— Exercise brief —
The listing below holds a line with "Volkswagen Tiguan II" and a later line with "Anello artigianale NAOMIKA". Write out those two lines and every line between them, exactly, and nothing else.

— Provided data —
#####
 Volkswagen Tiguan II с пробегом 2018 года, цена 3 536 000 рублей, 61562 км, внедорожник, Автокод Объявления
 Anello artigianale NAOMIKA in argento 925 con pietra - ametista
#####
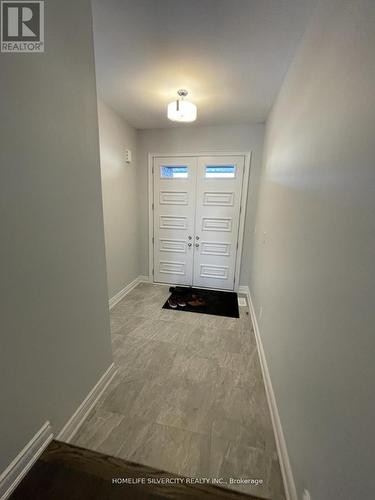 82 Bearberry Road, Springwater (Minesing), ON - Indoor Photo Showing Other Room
#####
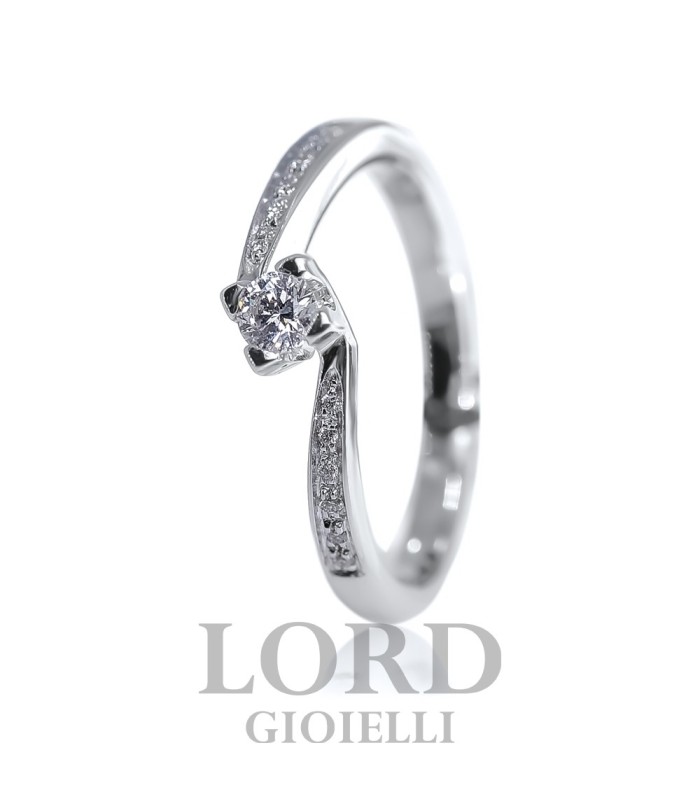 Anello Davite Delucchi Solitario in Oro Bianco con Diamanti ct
#####
— Answer for the task —
 Volkswagen Tiguan II с пробегом 2018 года, цена 3 536 000 рублей, 61562 км, внедорожник, Автокод Объявления
 Anello artigianale NAOMIKA in argento 925 con pietra - ametista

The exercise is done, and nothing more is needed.